BlackJack strives to be a full featured crate for general data processing.


_Long term_ goal is to create a lightweight [Pandas](https://pandas.pydata.org/) equivalent
by and for the Rust community, but with slight differences in focus...


The project strives for a few key principles. When any implementation decisions are to be made,
they are made with these principles in mind, and in this order:
1. **Memory efficiency**
    - Minimize memory use at every opportunity.
2. **Usability**
    - Strive for ergonomics; often done by modeling the `Pandas` API where possible.
3. **Speedy**
    - It comes naturally most times with Rust. :)

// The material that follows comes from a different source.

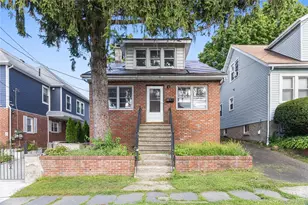 120 1st St, Yonkers, NY 10704 - Photo 25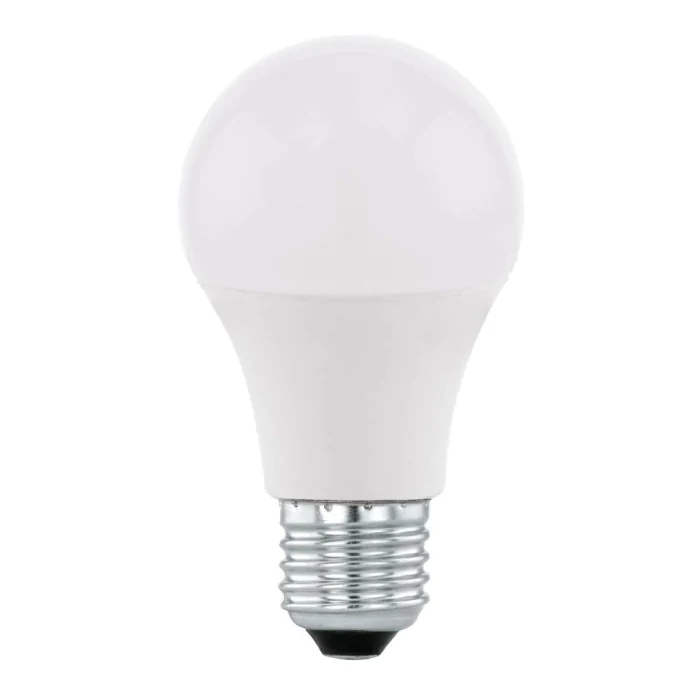 Светодиодная лампа LM_LED_E27 EGLO 11479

Eventually we'll have a Python wrapper: [Lumber-Jack](https://github.com/milesgranger/lumber-jack)
associated with this crate, but that time will come.

### Example use:

```rust,skt-default

// We have a dataframe, of course...
let mut df = DataFrame::new();

// Make some series, of different types
let series_i32: Series<i32> = Series::arange(0, 5);
let mut series_f64: Series<f64> = Series::from_vec(vec![1.0, 2.0, 3.0, 4.0, 5.0]);

// You can set a series name!
series_f64.set_name("my-series");

// Or not... 
assert_eq!(series_i32.name(), None);

// And add them to the dataframe
df.add_column(series_f64).unwrap();
df.add_column(series_i32).unwrap();

// And then get a reference to a Series
let series_f64_ref: &Series<f64> = df.get_column("my-series").unwrap();

```

## Read a CSV file:
Also supports reading `.gz` files

```rust,skt-default

// Define the path to file
let path: &str = concat!(env!("CARGO_MANIFEST_DIR"), "/tests/data/medium_csv.csv");

// Use the `Reader` to read the dataframe
let df = Reader::new(&path).read().expect("Failed to read file");

// Get a refrence to a specific column and assert the sum of that series
let series2: &Series<i32> = df.get_column("col2").unwrap();

assert_eq!(series2.sum(), 3000);

```

## Query/filter a dataframe

```rust,skt-default
let mut s1 = Series::from(0..5);
s1.set_name("col1");

let mut s2 = Series::from(10..15);
s2.set_name("col2");

let mut s3 = Series::from_vec(vec![
    "foo".to_string(),
    "bar".to_string(),
    "foo".to_string(),
    "bar".to_string(),
    "foo".to_string(),
]);
s3.set_name("col3");

let mut df = DataFrame::new();
assert!(df.add_column(s1).is_ok());
assert!(df.add_column(s2).is_ok());
assert!(df.add_column(s3).is_ok());

// Before filtering, we're len 5 and first element of 'col1' is 0
assert_eq!(df.len(), 5);

df.filter_by_row(|row| row["col1"] == Datum::I32(&0));

// After filtering, we're len 4 and first element of 'col1' is now 1
assert_eq!(df.len(), 4);

// Filter by string foo,
df.filter_by_row(|row| row["col3"] != Datum::STR(&"foo".to_string()));
assert_eq!(df.len(), 2);
```


## and a whole lot more..


---

## Development

- Rust >= 1.31
- [GSL]https://www.gnu.org/software/gsl/ ~= 2.4
    - Fedora: `sudo dnf install gsl-devel`
    - Ubuntu: `sudo apt-get install libgsl-dev`
    - [Windows Install Instructions]https://www.gnu.org/software/gsl/extras/native_win_builds.html

---

## Contributing

All contributions are welcome. Contributors of this project are expected to treat all
others with respect and dignity; acknowledging there will be differences of opinion
and strive to provide a welcoming environment for others, regardless of skill level.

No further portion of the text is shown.